Wall Street expects rebounding profits and the early returns on earnings season seem promising, but the bull market is in jeopardy if profits continue the recent downward trend of many large companies. The hope is that earnings will, Goldilocks-like, come in just right, recovering enough to point to increased economic growth but not so strong that the Fed rethinks their interest rate policy.
Other signs underscore optimism on profits and stocks in general. For example, money has been flowing out of US equity funds for the majority of 2016, but that situation recently reversed. During a one-week block bridging the first two full weeks of July, mutual fund investors directed $7.8 billion back into the US equity fund market.
The current balance of optimism and pessimism (along with basic market forces) periodically bleed off excessive pressure and keeps the economy growing relatively slowly – excellent conditions to keep the bull market churning.
Most signs point to continued slow growth in the US economy and therefore a continuation of the bull market for some time. It remains to be seen whether this bull market can become the longest in history. Economists are split on whether the balance of forces can last for more than two years, but at least one driver (interest rates) looks to be favorable for the long term.
The past week's milestones drive home one point: stocks eventually prevail. Corrections and recessions are persistently followed by growth. Financial shocks and volatility are inevitable, and unfortunately are on the increase. Even so, markets eventually recover and thrive regardless of the size or the nature of the financial shock.

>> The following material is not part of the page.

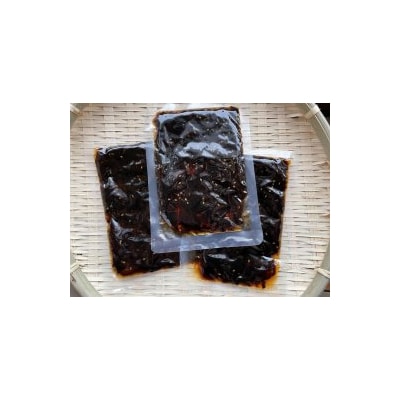 きくらげの佃煮 300g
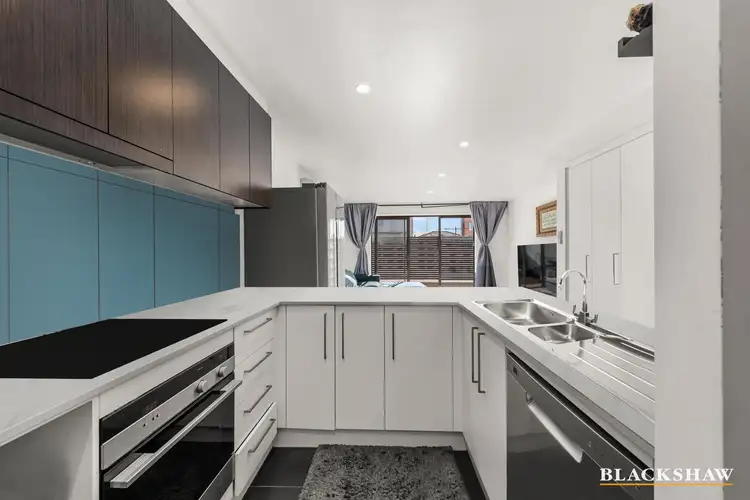 Fourth view of Homely unit listing, 59/234 Flemington Road, Harrison ACT 2914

It can be difficult to avoid panic selling during these unstable times, but as a long-term investor, you should exercise discipline. Stocks may have already dropped by the time you read this from the Turkish coup, the Baton Rouge police shooting, input from the Presidential race, or some other market disruption. If so, recent history suggests that this resilient market will raise them up again.
Economically, it is fortunate that America's stock market can tolerate global instability and the sharp rise in brutal terrorist attacks. However, it is disturbing that such events are becoming commonplace and we — and the markets — are coming to accept this as the new normal. We can only hope that our leaders find a way to address instability while keeping America's well-being and economy intact at the same time.